Lundi 18decembre, Legaspi
Vers 7h du matin, mon bus entre dans la ville… Enfin ! Depuis 3semaines, je dors mal, je mange peu, j’angoisse à l’idée d’avoir perdu l’un ou plusieurs d’entre eux.Il règne une ambiance étrange, il n’y a pas d’électricité, donc pas de déco de Noël, pas de musique… Il n’y a pas de télé, ils ne savent pas que le monde entier à parler d’eux, ils savent à peine ce qui s’est passé à Albay, à 5km… La boue est partout… L’eau courante marche avec intermittence… Les écoles et les postes sont fermées…
J’arrive chez les Sœurs. Un papier m’attend sur la porte : c’est leur jour de prière en silence… (Ho, ça démarre bien !!!). Il faut que j’aille dans ma chambre et que je retrouve Fidel et les jumeaux, Dexter et Mark.
Je fais demi-tour, pose mon sac dans l’endroit loué… un nid à cafards comme je les aime…
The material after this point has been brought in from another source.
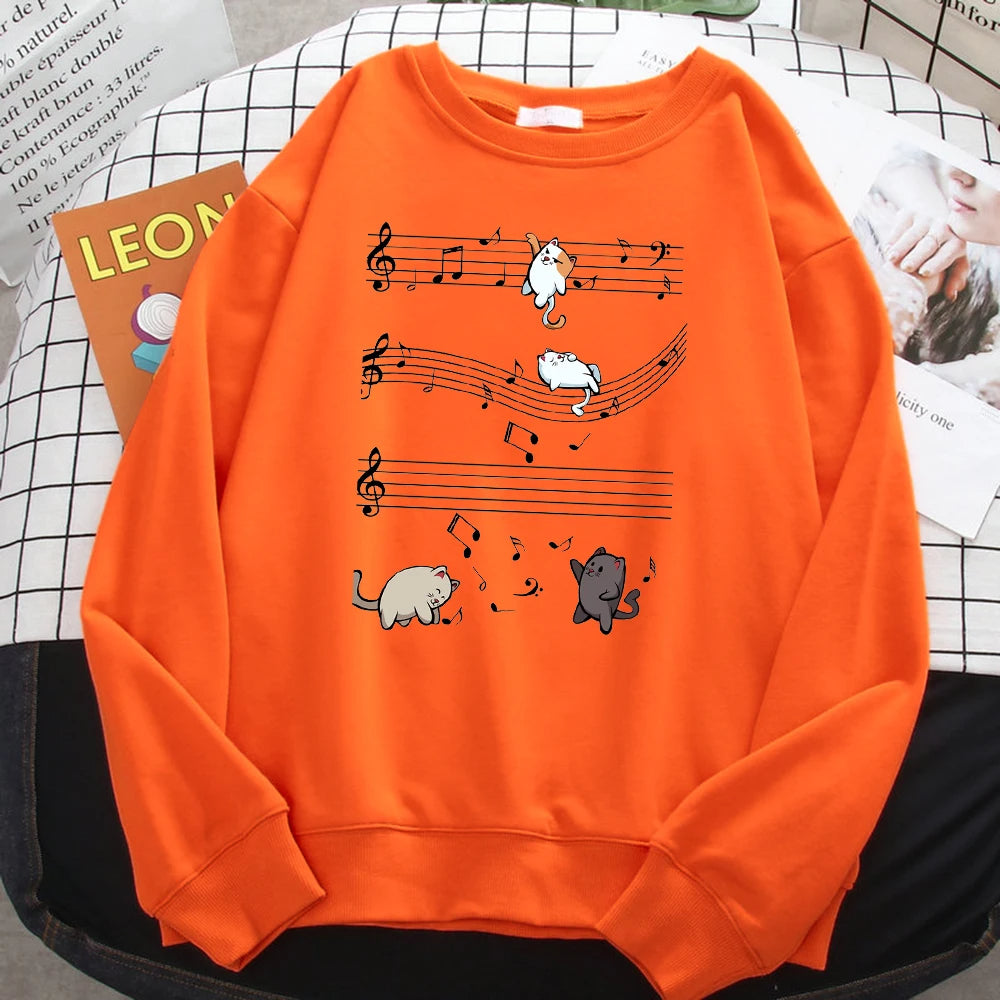 Women's Musical Cat Hoodie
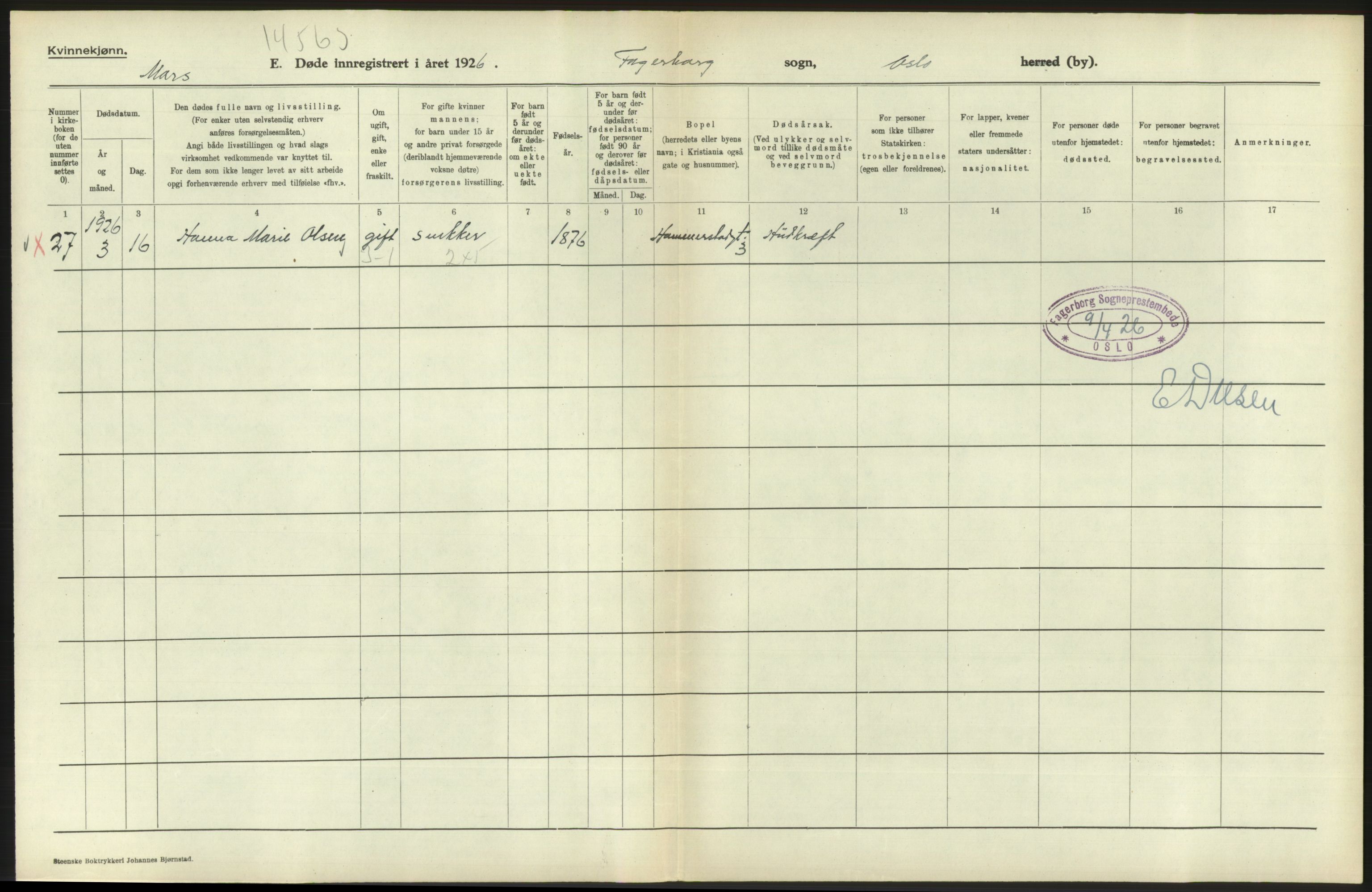 Statistisk sentralbyrå, Sosiodemografiske emner, Befolkning, AV/RA-S-2228/D/Df/Dfc/Dfcf/L0010: Oslo: Døde kvinner, dødfødte, 1926, s. 168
Les garçons m’attendent en bas… Les enfants de ce programme vivent de la rue. Leurs familles ont si peu qu’ils ont pris l’habitude de subvenir aux besoins du foyer, ils distribuent des journaux, font la manche, vendent des balaies, ou leurs corps… Ils ont une douzaine d’année tous les trois, des sacrés gueules cassées…
Ils commencent par me rassurer : tout le monde est vivant... miraculeusement ! Ensemble nous faisons le tour des enfants du programme de Legaspi, de chaque enfant, chaque famille, chaque maison, du moins son emplacement… Mon soulagement aura duré peu de temps…De la maison de Jeffrey, il reste les 4poteaux en bois qui délimitaient les angles, de celle d’Almonso, absolument rien, de celle de John Rey, un tas. Je suis stupéfaite de voir ses p’tis frères et sœurs en sortir…
Le quartier du port fait de maisons sur pilotis a été noyé et salement endommagé, sur la plage tout est parti… Chacun à son histoire… Au détour d’une ruelle, Dexter et Mark me montrent le mur qui leur a sauvé la vie… Ils ont passés 3heures, accroupi dessus… avec un bébé d’un an, sauvé des eaux, dans les bras… beaucoup d’enfants s’étaient réfugiés dans la maison en dur du quartier… La succession d’histoires invraisemblables, de visages, de maisons et de vies à reconstruire paraît sans fin…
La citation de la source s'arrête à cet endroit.